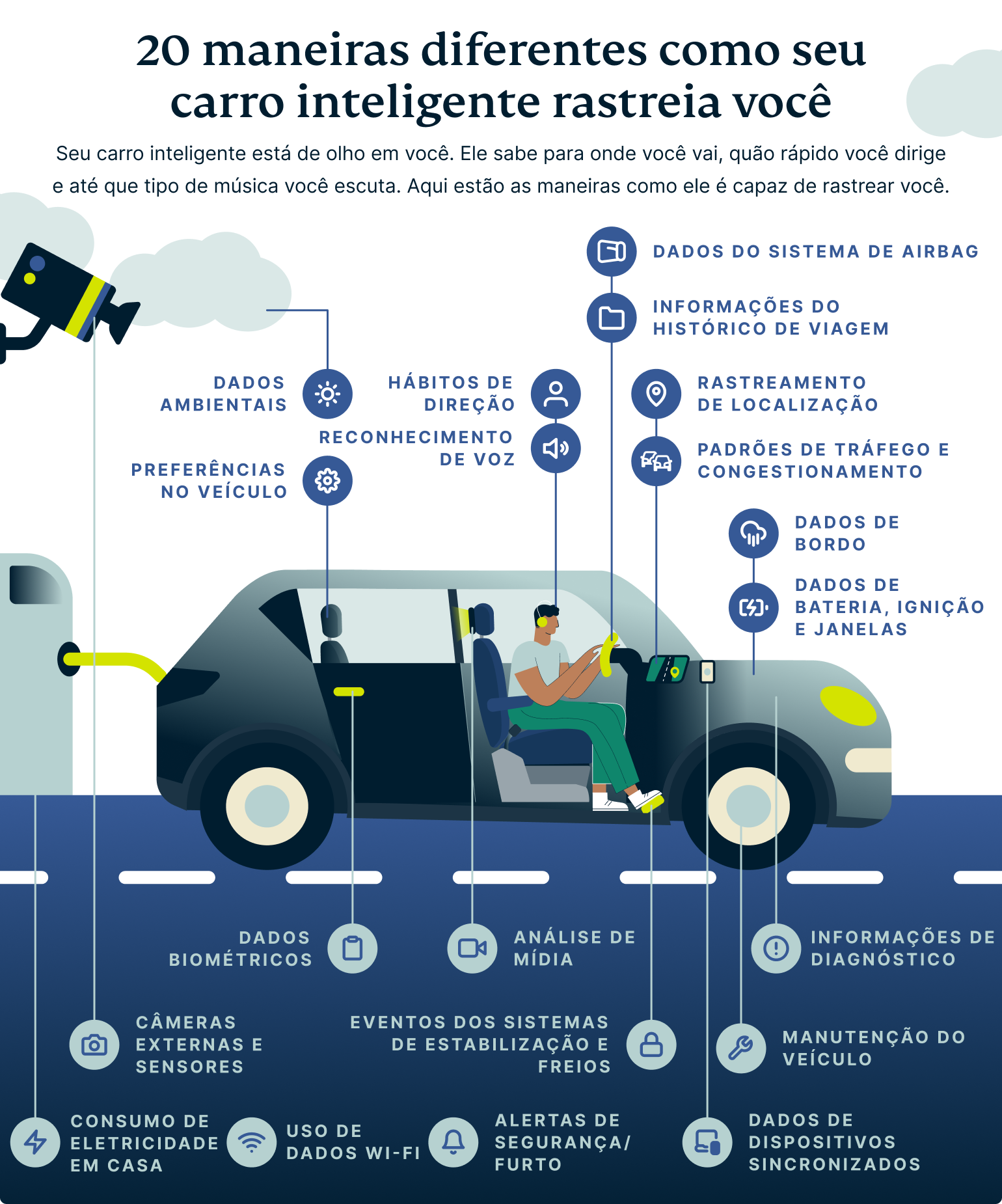 20 Different Ways Your Smart Car Can Track You 1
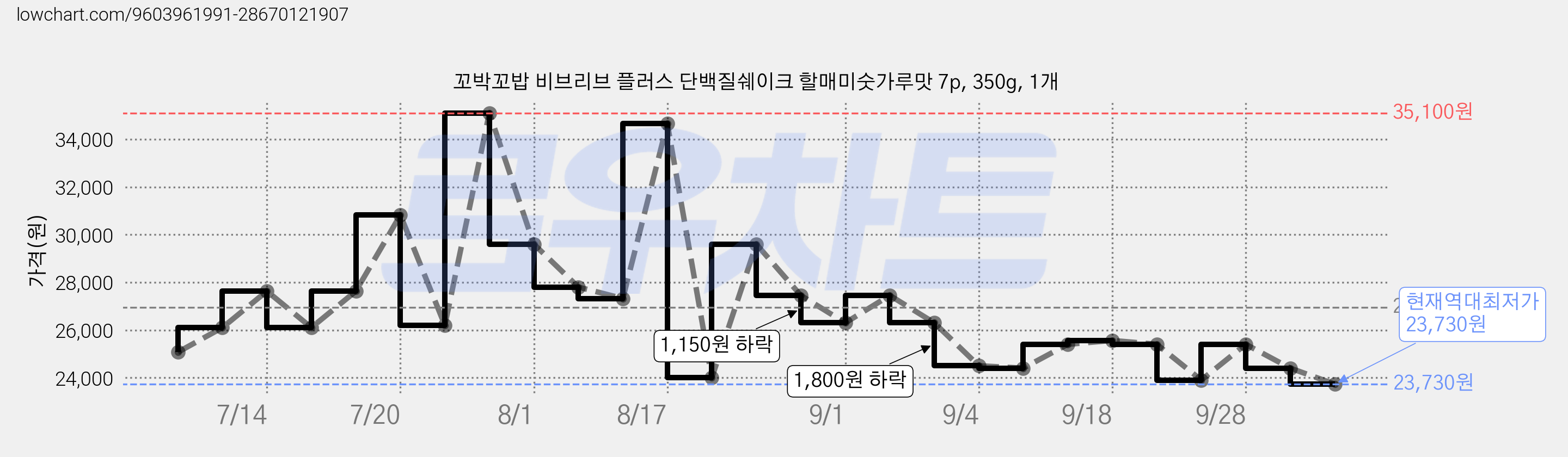 꼬박꼬밥 비브리브 플러스 단백질쉐이크 할매미숫가루맛 7p, 350g, 1개 가격 변동 차트, 현재가 23,730원, 역대최저가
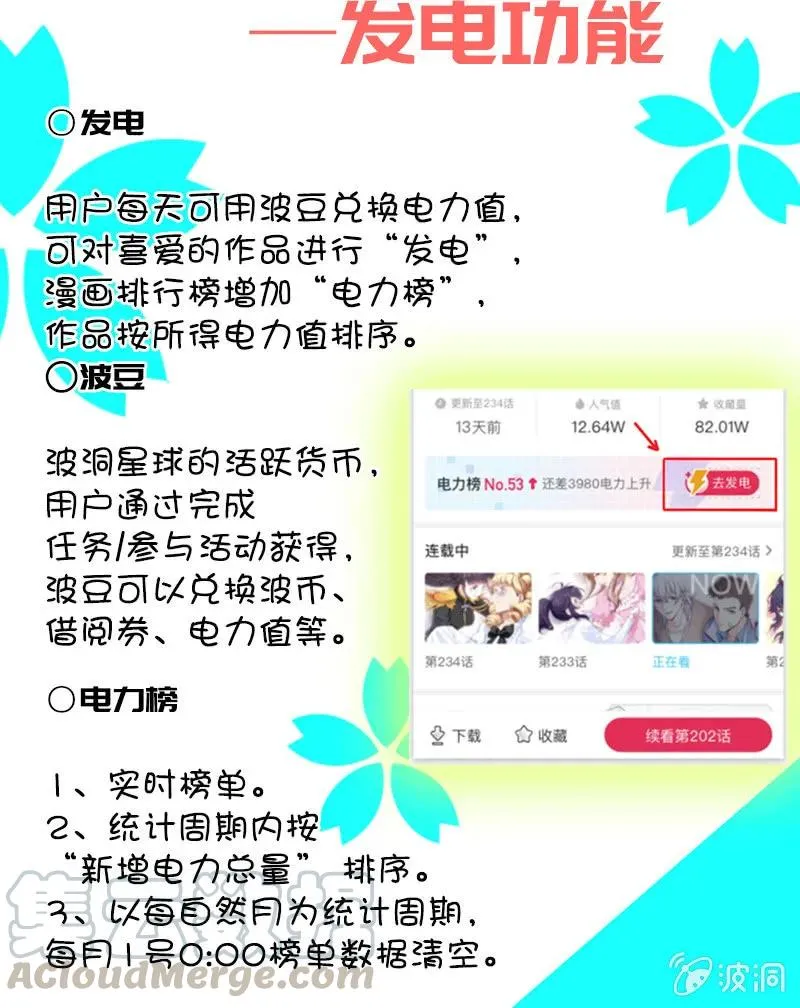 我只是不想你出事 第45页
****
What is required:
In your copy, include no pictures and only the lines from the line with "꼬박꼬밥 비브리브 플러스" through the final line of the listing above, reproduced exactly.

Response box:
 꼬박꼬밥 비브리브 플러스 단백질쉐이크 할매미숫가루맛 7p, 350g, 1개 가격 변동 차트, 현재가 23,730원, 역대최저가
 我只是不想你出事 第45页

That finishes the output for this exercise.